We calculated the PSNR of different layers as Quality of Experience metric for same total bitrate. Second layer that contained 3 views plus depth format input always had a higher PSNR than first layer which contained 2 views plus depth. Therefore, according to PSNR metric for fixed video bitrate, second layer produces better quality. However, when we used SSIM metric for calculating the quality of virtual views of different total bitrates, for same case, we saw the different scenario. When total video bitrate is lower, the SSIM of first layer is higher than second layer. After increasing the total video bitrate, beyond the certain point, in this case 5000 kbps, second layer outperforms first layer which can be seen in Figs. 6, 8 and 10. In other words, total video bitrate determines number of transmitting views and quality of each view after rendered virtual views.

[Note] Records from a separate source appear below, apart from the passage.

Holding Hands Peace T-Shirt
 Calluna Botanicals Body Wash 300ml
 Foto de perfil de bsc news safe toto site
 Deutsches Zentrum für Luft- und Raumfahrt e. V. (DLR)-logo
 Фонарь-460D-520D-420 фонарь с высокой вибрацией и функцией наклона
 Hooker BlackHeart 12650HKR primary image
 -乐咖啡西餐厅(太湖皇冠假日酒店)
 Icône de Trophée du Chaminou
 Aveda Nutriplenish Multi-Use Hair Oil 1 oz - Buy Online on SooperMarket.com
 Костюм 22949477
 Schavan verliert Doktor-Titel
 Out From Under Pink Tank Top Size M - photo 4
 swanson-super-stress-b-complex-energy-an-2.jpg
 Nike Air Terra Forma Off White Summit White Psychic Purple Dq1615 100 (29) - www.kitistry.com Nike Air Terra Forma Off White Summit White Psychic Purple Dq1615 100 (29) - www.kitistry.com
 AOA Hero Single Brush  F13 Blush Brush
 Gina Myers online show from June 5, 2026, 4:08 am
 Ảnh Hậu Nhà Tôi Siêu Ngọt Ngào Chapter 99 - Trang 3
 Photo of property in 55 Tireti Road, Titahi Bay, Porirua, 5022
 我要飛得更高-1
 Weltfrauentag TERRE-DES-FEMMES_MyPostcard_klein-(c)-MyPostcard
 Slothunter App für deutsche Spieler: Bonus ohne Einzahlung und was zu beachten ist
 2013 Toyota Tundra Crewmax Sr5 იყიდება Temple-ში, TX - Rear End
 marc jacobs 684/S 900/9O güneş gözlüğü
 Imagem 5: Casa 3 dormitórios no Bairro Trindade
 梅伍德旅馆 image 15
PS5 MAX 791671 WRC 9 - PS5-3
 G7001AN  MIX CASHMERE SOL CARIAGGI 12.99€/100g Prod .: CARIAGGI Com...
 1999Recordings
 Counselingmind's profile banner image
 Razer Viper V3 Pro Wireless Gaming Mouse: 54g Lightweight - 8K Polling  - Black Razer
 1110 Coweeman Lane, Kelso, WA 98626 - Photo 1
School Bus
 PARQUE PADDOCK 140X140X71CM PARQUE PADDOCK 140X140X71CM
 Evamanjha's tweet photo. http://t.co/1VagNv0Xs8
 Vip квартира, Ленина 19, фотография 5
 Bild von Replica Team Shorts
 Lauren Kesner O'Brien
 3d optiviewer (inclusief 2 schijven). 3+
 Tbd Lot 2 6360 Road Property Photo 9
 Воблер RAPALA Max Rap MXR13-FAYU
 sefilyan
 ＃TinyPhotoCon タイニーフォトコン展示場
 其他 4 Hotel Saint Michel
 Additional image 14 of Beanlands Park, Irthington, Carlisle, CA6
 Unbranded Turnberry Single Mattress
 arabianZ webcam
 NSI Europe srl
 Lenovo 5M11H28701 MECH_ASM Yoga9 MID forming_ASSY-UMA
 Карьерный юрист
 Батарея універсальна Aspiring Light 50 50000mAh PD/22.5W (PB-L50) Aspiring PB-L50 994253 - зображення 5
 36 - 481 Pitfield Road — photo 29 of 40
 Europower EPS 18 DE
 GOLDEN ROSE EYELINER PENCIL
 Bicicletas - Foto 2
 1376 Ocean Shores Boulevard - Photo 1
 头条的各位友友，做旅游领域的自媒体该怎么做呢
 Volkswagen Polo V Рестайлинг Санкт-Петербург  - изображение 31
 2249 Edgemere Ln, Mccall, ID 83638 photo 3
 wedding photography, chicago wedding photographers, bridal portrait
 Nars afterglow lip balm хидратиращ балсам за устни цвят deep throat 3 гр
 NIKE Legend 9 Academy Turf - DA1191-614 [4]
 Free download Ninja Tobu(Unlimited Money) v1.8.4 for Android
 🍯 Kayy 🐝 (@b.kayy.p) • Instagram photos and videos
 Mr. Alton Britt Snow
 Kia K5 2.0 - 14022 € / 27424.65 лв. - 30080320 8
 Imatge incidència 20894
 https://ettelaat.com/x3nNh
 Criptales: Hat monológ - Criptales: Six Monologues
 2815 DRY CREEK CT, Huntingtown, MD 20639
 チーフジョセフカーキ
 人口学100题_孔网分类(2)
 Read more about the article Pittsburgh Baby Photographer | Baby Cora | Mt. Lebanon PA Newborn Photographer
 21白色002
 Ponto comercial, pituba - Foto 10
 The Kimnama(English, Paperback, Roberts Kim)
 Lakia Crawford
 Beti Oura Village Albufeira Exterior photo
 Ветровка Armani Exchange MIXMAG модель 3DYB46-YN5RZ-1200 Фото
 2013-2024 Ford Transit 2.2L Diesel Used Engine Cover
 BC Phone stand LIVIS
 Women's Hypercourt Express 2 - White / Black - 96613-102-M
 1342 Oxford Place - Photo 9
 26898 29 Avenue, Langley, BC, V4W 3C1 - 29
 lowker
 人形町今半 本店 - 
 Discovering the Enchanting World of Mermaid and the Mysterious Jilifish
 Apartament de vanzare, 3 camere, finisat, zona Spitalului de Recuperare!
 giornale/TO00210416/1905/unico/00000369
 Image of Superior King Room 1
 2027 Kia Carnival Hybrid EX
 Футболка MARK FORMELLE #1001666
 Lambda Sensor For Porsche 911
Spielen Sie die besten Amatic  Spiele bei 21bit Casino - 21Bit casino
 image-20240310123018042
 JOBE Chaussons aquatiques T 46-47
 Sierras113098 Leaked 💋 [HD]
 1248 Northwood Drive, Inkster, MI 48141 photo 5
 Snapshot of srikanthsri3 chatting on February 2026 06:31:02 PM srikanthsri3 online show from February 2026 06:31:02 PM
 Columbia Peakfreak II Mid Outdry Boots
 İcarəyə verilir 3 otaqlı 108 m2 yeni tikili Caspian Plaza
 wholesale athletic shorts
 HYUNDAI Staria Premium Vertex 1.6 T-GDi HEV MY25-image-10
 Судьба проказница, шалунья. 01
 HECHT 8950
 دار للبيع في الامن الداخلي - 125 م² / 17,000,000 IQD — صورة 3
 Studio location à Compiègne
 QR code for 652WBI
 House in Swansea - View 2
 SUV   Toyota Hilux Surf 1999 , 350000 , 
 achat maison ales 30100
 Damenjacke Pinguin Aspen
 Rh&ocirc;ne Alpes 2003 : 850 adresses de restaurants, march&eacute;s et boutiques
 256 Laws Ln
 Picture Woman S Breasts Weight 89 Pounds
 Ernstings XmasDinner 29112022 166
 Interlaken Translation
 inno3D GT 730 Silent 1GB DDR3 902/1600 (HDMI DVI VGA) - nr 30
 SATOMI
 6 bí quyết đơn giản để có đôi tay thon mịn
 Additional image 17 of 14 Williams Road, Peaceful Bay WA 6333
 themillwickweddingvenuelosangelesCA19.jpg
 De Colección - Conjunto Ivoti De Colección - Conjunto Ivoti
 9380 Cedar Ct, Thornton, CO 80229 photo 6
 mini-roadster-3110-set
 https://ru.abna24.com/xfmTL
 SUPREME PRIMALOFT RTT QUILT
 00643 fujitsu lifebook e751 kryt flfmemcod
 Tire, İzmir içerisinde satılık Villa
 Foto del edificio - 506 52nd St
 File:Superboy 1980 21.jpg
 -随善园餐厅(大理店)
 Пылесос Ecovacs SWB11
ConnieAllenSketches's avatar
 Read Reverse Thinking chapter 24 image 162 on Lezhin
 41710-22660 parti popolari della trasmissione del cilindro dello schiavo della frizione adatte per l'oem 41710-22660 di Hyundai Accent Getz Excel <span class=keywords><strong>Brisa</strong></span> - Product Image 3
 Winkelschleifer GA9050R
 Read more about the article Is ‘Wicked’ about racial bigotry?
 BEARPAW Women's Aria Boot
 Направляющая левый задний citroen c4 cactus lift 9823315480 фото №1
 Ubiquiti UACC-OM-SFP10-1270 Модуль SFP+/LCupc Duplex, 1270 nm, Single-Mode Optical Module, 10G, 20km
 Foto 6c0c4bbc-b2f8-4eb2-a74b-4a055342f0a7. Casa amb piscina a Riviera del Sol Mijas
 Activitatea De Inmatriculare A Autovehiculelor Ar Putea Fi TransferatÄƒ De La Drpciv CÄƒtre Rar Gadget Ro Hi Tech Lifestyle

In SSIM metric, we saw that transmitting lower number of views with optimized quality is better if the bitrate is lower than 5000 kbps. If the total video bitrate is higher than 5Mbps, then firstly increase the number of views and then increase the quality of each view. In comparison to PSNR, SSIM can imagine the quality of rendered virtual views better because it has better correlation with human perception. This helps us to put more number of views by exposing the network bandwidth threshold.

4.3 Subjective quality assessment

Subjective tests give the perceived quality of generated views. It looks into comparision among different subjective quality of different layers containing the different number of input view plus depth at various bitrates. We performed subjective test according to ITU-R recommendation BT.500–13 [13]. In the setup of subjective test, 18 non-expert observer, twelve males and six females, age range from 25 to 45, participated in the test. All the test session began after a short training and instructions. During the training phase, the observers were introduced to the test environment, grading scale, what they had to evaluate and how to express their opinions. Each assessment session lasted upto half an hour.

The Double Stimulus Continuous Quality Scale (DSCQS) was utilized using a scale thatranged from 0 (Bad) to 100 (Excellent) for 3 view input. The observers were provided to watch the reference video together with generated views from three input views. The network varied from 0.6 Mbps to 4.2 Mbps. One 4 s grey interval is inserted between two 10 s test sequences and repeated again and again as many times as they wished before reaching a verdict. The collected Mean Opinion Score(MOS) were then analyzed for each subject data over various test conditions. The results are shown in Fig. 11. The results were also compared with [22] that used view reconstruction method. The proposed method provides better result than the earlier method [22] consistently as shown in Table 1 in both objectively and subjectively.

Fig. 11
figure 11

Subjective test results for the BookArrival,Newspaper and Balloons

Table 1 Subjective test comparison

5 Conclusion

In this paper, we proposed a new quality aware multi-view video streaming over Internet (HTTP) to concentrate on decision strategy and present a comprehensive analysis in a dynamic network environment. One of the foremost contributions of the proposed technique was a user-perceived quality responsive adaptation stand on client-server model. The proposed adaptation tactic was applied by changing the number of transmitted views to smooth the progress of a quality aware bandwidth adaptation system in auto-stereoscopic 3D display. Two of the state-of-art techniques known as MPEG-DASH and HEVC were used in our system. The simulation results have shown that significant quality improvements are obtained under challenging network conditions.